Lesson Four: Freestyle "Switch" Drills
This lesson brings together all of the skills and movements mastered thus far and, in a quick and simple sequence, teaches the movements of a fluent freestyle stroke. Your dynamic balance, coordinated and integrated core-centered rotation, slippery body positions, and understanding of how to link the propelling armstroke to core-body rotation have all prepared you to swim a Fishlike Freestyle. This 4-step sequence will make it happen. It also introduces you to the effortless propulsion that can result when you connect your propelling armstroke to the full power of the kinetic chain.
Drill #4.1: Under Switch (Not on Long-Axis Video)

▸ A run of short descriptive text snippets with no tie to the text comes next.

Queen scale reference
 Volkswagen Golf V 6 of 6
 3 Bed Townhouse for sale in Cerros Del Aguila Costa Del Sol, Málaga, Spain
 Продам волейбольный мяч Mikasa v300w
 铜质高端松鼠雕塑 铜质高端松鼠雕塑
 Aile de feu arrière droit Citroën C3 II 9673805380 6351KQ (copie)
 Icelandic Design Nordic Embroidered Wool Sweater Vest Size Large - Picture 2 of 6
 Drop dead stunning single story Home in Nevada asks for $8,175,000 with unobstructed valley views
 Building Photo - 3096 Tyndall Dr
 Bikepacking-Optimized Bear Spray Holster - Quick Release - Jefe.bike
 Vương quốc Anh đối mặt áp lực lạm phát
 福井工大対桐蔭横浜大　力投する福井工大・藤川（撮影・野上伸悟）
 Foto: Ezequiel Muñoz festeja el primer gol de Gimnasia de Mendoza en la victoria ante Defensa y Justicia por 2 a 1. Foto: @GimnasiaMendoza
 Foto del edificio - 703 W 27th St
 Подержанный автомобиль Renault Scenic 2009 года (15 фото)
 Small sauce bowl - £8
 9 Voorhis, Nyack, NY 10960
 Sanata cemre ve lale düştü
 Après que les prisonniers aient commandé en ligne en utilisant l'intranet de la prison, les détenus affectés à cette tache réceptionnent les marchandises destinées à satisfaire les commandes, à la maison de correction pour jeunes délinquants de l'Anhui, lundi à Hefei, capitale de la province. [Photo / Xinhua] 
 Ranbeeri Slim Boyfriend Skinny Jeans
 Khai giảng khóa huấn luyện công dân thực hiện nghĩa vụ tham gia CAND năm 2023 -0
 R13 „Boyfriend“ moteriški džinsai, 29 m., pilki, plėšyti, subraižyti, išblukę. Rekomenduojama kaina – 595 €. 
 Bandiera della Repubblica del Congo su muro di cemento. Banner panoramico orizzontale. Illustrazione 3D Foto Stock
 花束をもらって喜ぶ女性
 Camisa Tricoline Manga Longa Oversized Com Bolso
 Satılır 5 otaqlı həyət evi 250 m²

Why do this drill: This is the first drill in which we tap the full potential of the kinetic chain. This fantastic and nearly effortless source of propulsive power is wasted unless you link your armstroke to core-body rotation. We introduce that linkage in a simple way in this drill by giving you a visual cue for when to make the switch. Follow this sequence:
1. Start in Hand-Lead Sweet Spot. After you feel balanced and stable, look down and pause. Be sure you are balanced at 90 degrees.
2. Sneak your "dry" arm forward under the water, with your hand sliding across your chest and under your jaw.
3. When you can see your hand in front of your face, switch and roll to your Sweet Spot on the other side, extending that arm forward as you do.
4. Take three deep, cleansing breaths as you check your position and balance to make sure you're in your Hand-Lead Sweet Spot again. Whenever you feel ready, repeat in the other direction.
Continue to practice this drill until: Each move is smooth and controlled, and, when you roll, you move everything as a unit. We put extra emphasis on leading with your bellybutton and rolling like a log in previous drills because we want those motions to come naturally
in this drill series. It is also just as important as previously to maintain your focus on moving your body through the smallest possible "hole" in the water and on doing the drill as silently as possible. Last, but not least, always wait until you see your recovering hand right under your nose before switching. This is the only time you'll have a visual cue for that and it's an invaluable opportunity to teach yourself "switch timing."
Drill #4.2: "Zipper" Switch
Before doing this drill for the first time, review Drill #3.3, Shark Fin, for five minutes; it will be valuable preparation for the main skill taught here.
Why do this drill: It teaches and imprints a compact, economical, and highly efficient recovery. On the Under Switch, you recover your arm under water, leading with your fingertips. In actual swimming, your elbow leads. We'll begin practicing that here, but with a partially submerged recovery; the confinement and drag you experience on hand and forearm help to make you more aware of how you recover and where you re-enter the water. This drill will have you do both in an exaggerated way. Once we reduce focus on those points in the next drill, that exaggeration should help you continue to do things right. Because you will lose the visual cue for when to make the switch, you'll have to use kinesthetic awareness for timing your switch.